Die IBM hat jetzt auch die Qualität entdeckt. "Zero Defect" heißt das Schlagwort, das in den IBM-Werkshallen der südfranzösischen Kleinstadt Montpellier in aller Munde ist. Alle Maschinen, so Big Blue stolz, würden im Endtest auf die besagten "Null Fehler" geprüft, keine Schraube und kein Kabel dürften beim Versand vergessen werden.

Ein anderer Qualitätsvorsatz, den Big Blue für das neue Jahr gefaßt hat und anläßlich der Großrechnerankündigungen vor Journalisten erläuterte, betrifft die Ausfallrate von Produkten aus dem Großsystembereich zum Zeitpunkt der allgemeinen Verfügbarkeit.

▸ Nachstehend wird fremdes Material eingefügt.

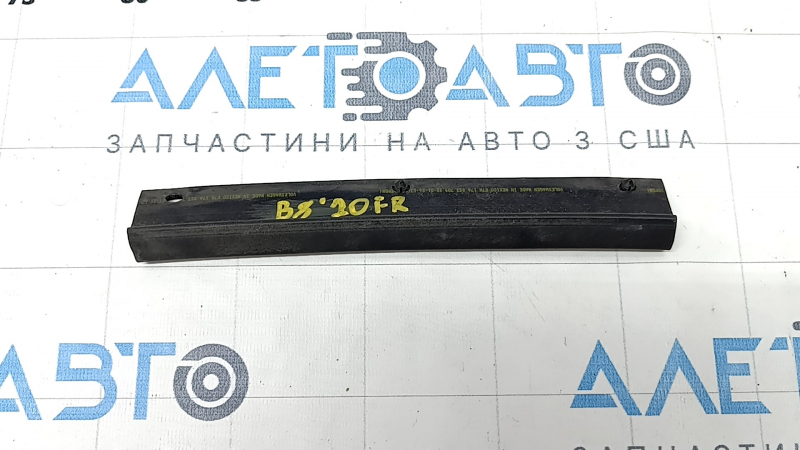 Уплотнитель капота на капоте правый VW Passat 20-22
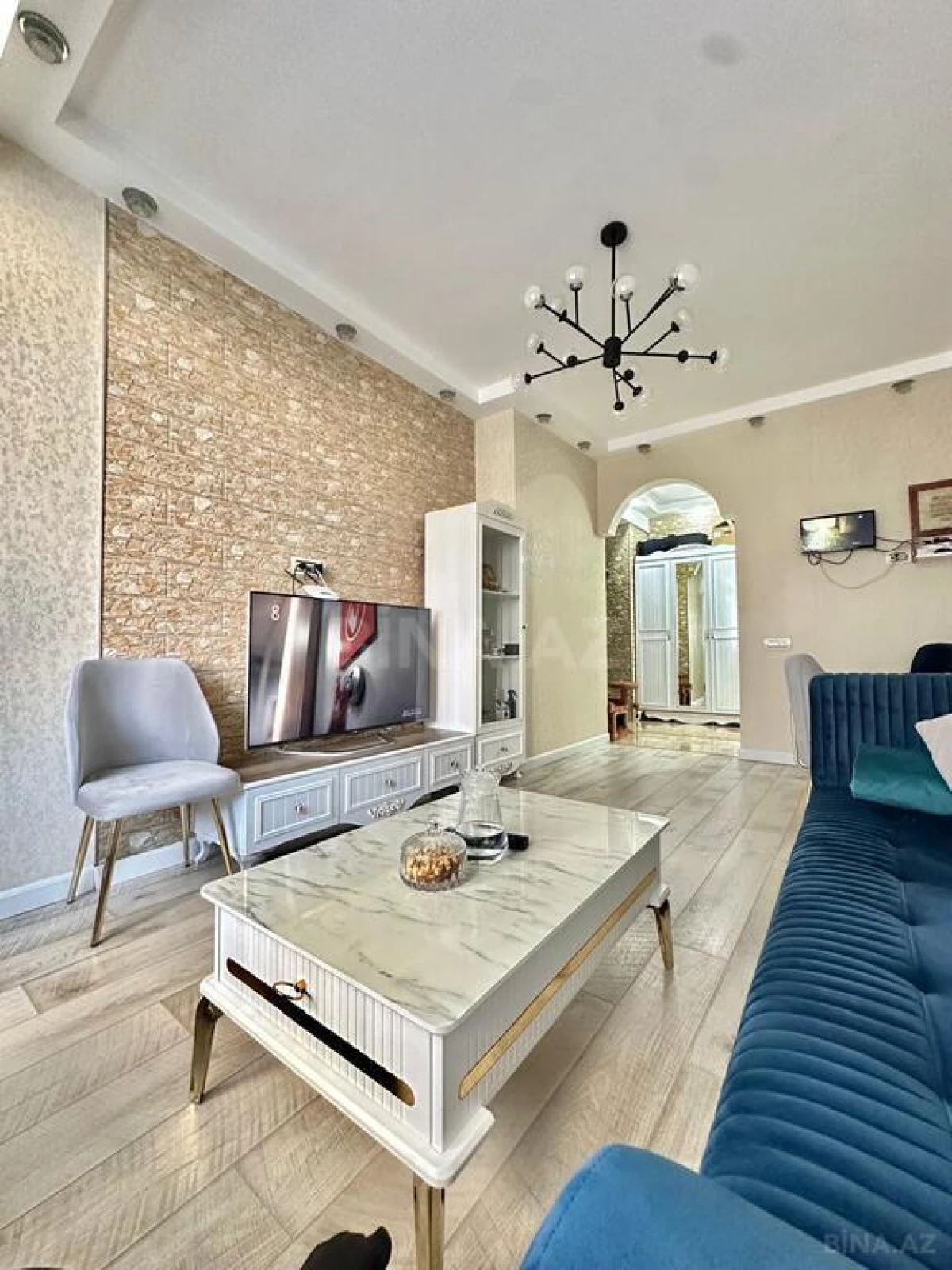 Satılır 2 otaqlı mənzil 105 m²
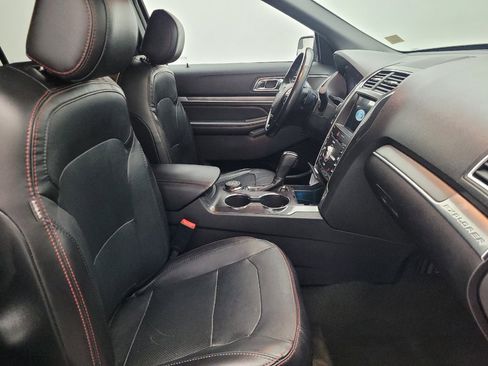 Used 2017 Ford Explorer Sport image 21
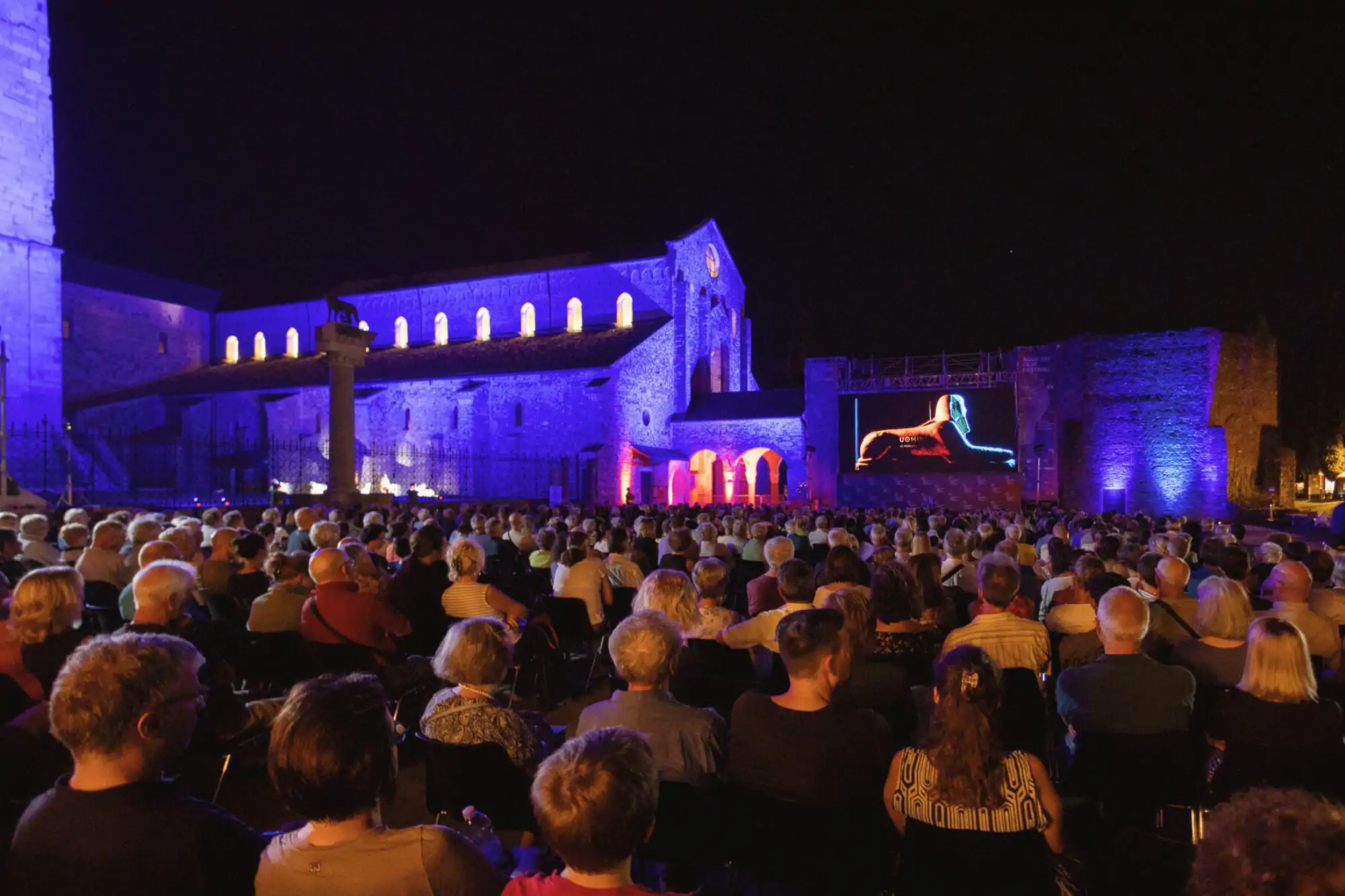 Il pubblico Aquileia Film Festival Piazza Capitolo ph N. Oleotto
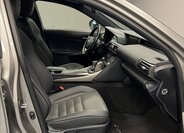 Lexus IS 300h Sedan / Limuzína 2,5 l 164 kw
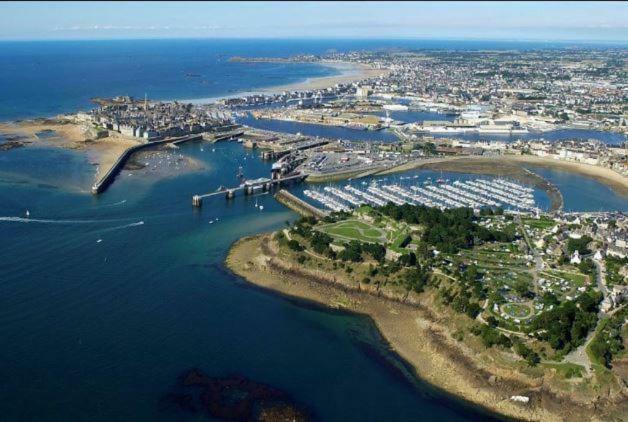 Joli T3, gare&plages à proximité Saint-Malo Esterno foto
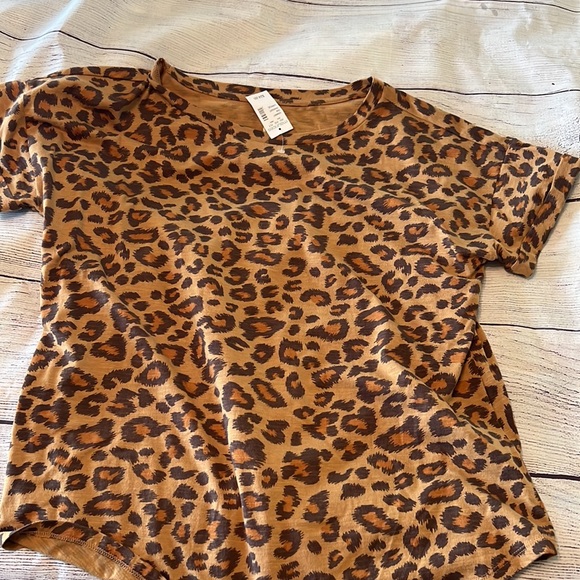 Maurice’s cheetahs top size large with tags - Picture 5 of 7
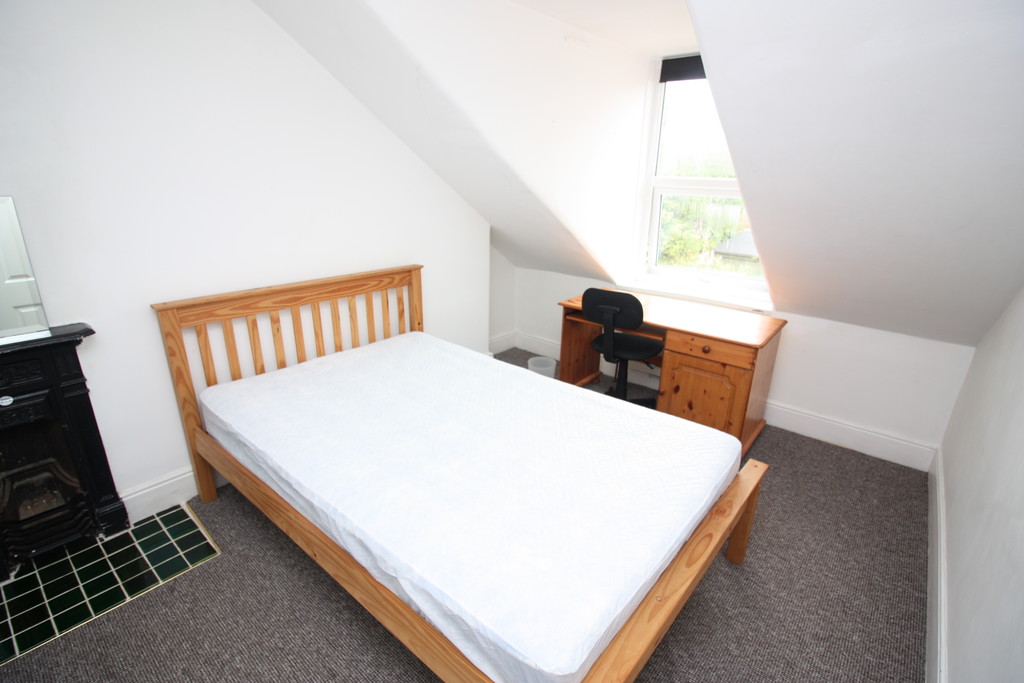 6 bed house to rent 9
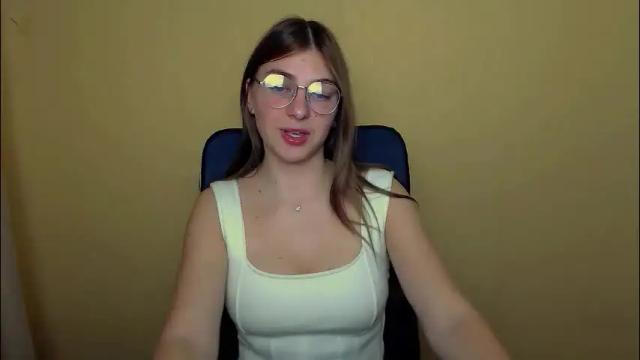 Image 3 of luna_lush_ Stream on Chaturbate on 2 months ago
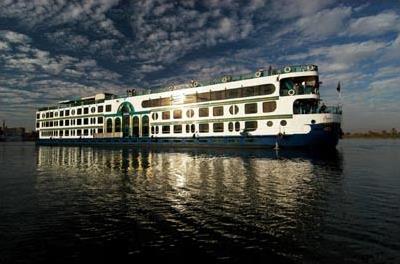 Croisire Au Fil du Nil / Au Dpart de Louxor / Egypte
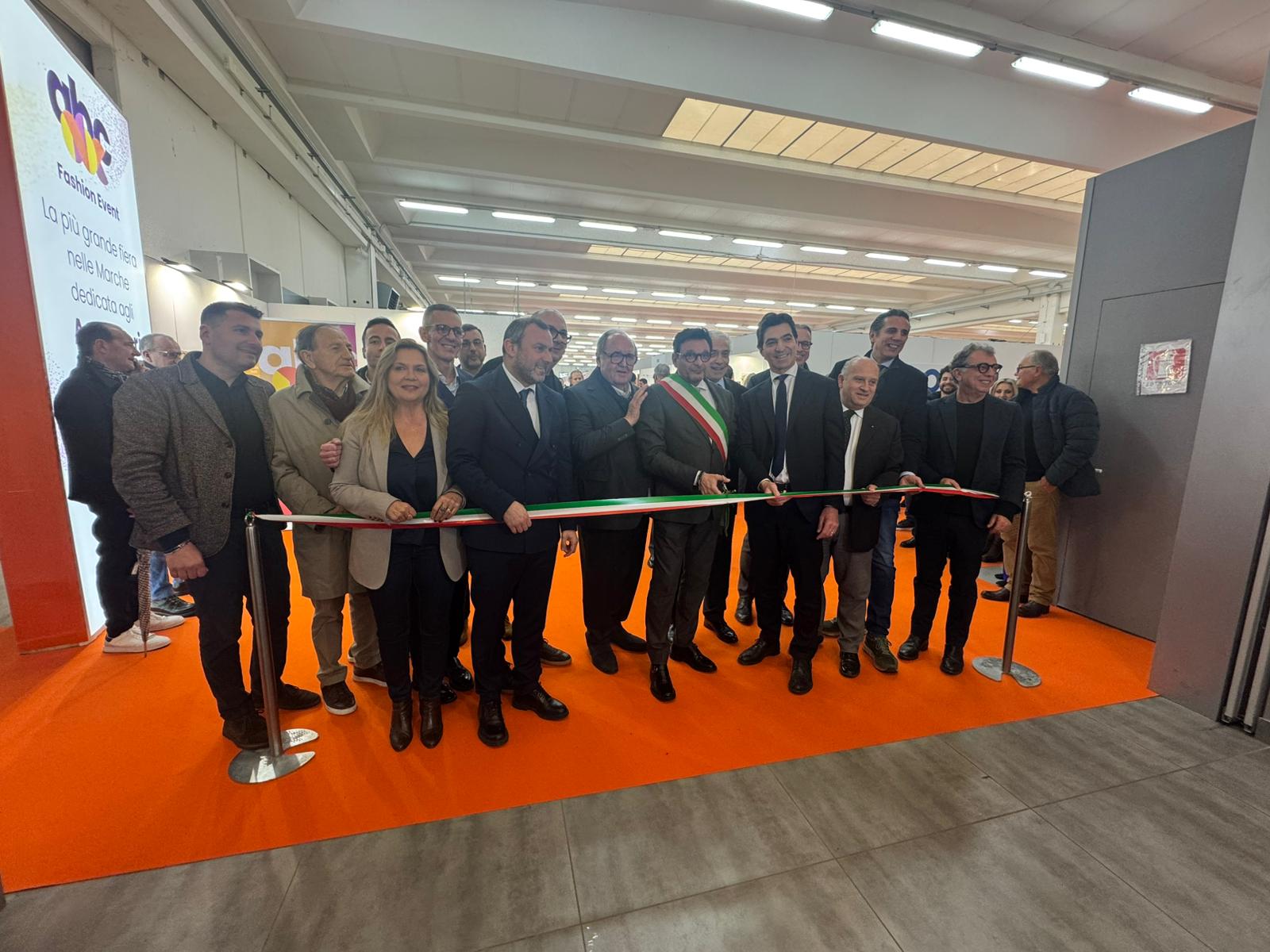 Abc Fashion event 2026, partiti! Fenni: «Fiera eterogenea ma il Calzaturiero ha bisogno d’aiuto» (Video e Foto)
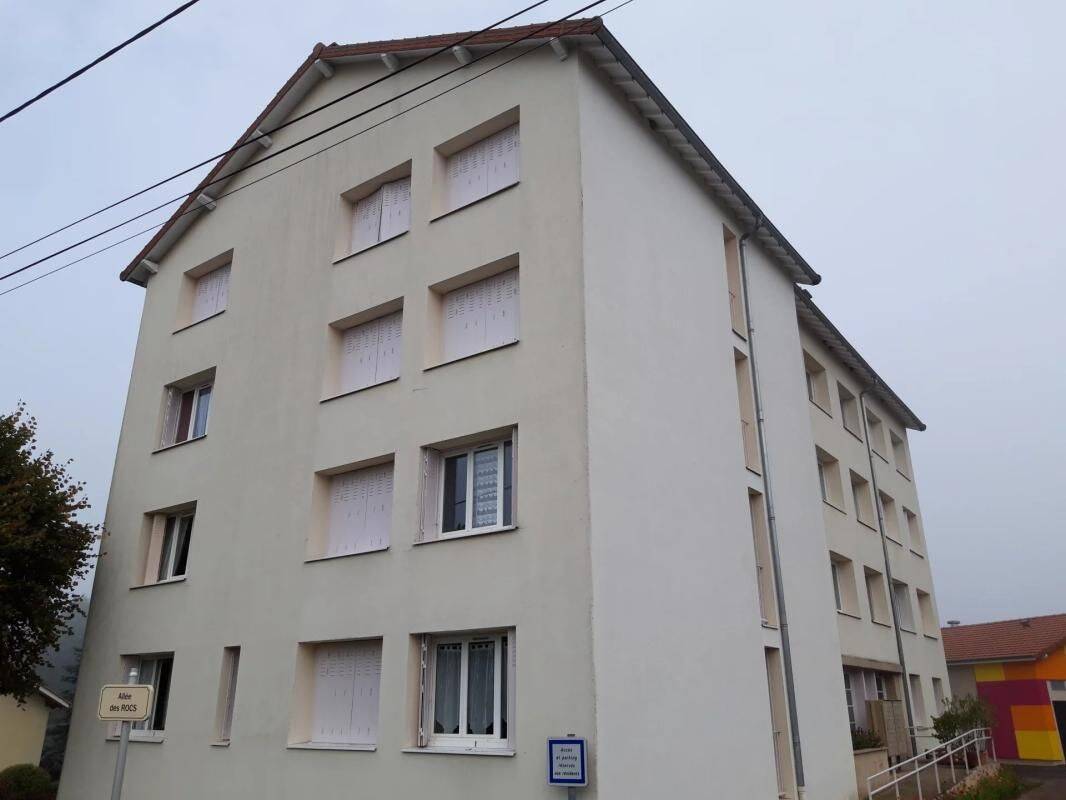 Appartement 1 pièce 35 m² · à Saint-Martin-d'Estréaux · 35 m² · 275 €/mois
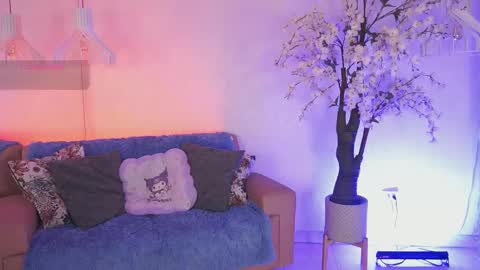 Jade Summer online show from January 15, 11:41 am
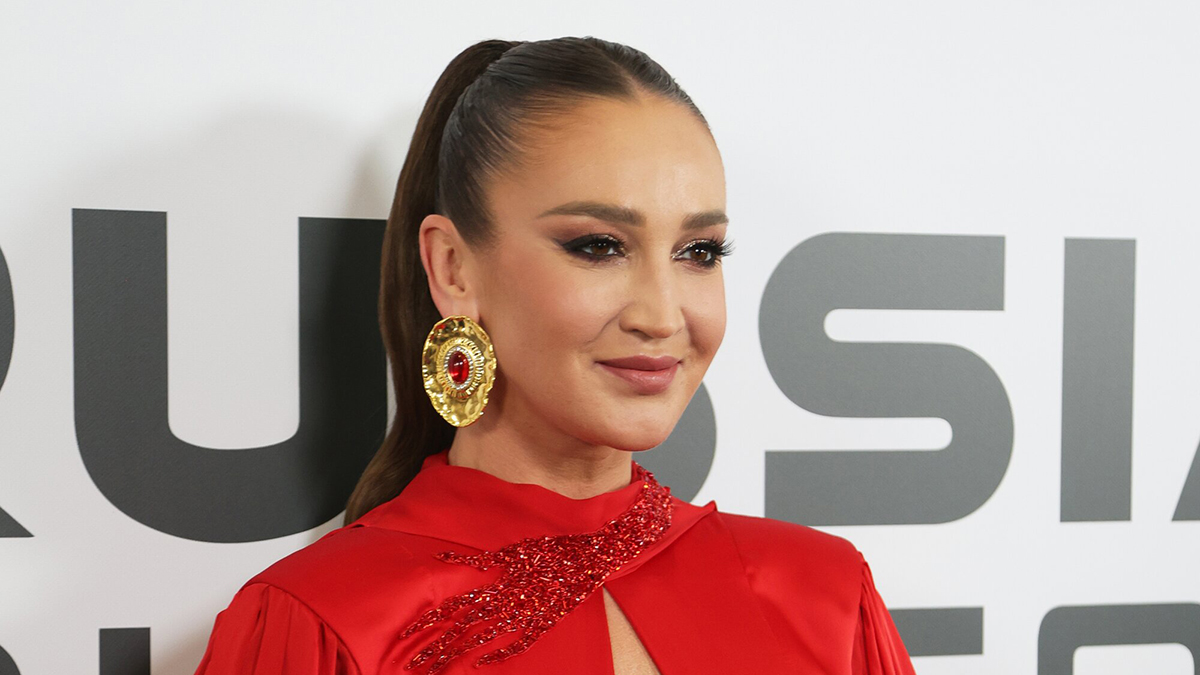 «День любви»: Бузова раскрыла, как в будущем планирует совмещать семью и карьеру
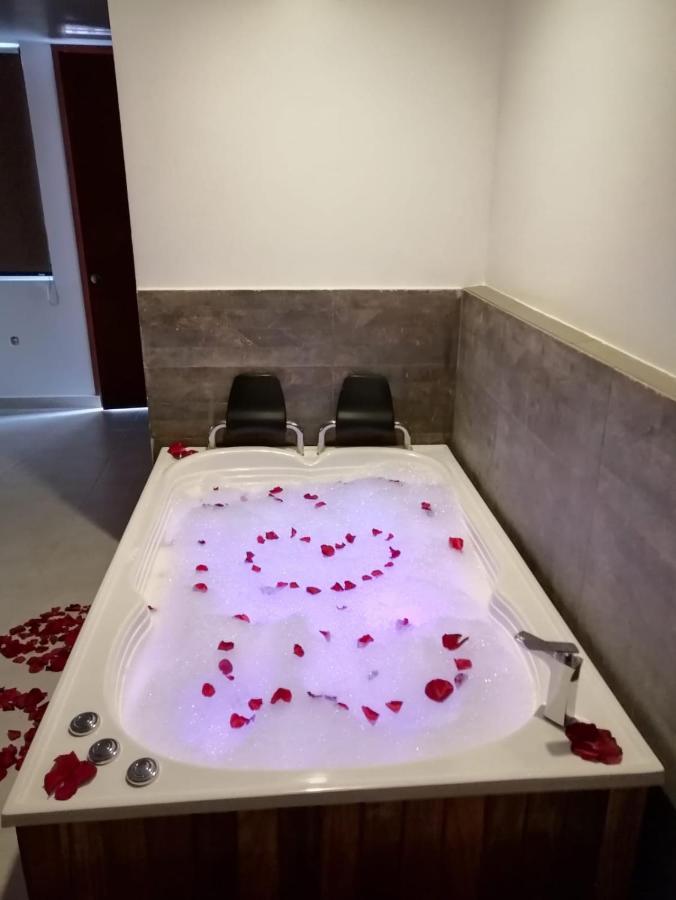 Hotel El Faro Buga Ngoại thất bức ảnh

IBM wird nach eigenen Angaben ein Nachfolgeprodukt jetzt erst dann ausliefern, wenn dessen Ausfallrate unter die des "Altproduktes" gefallen ist. Derzeit sinkt die Fehlerrate im IBM-Werk Montpellier um ein Prozent pro halbes Jahr, verkündete Werksleiter Jean Taverne.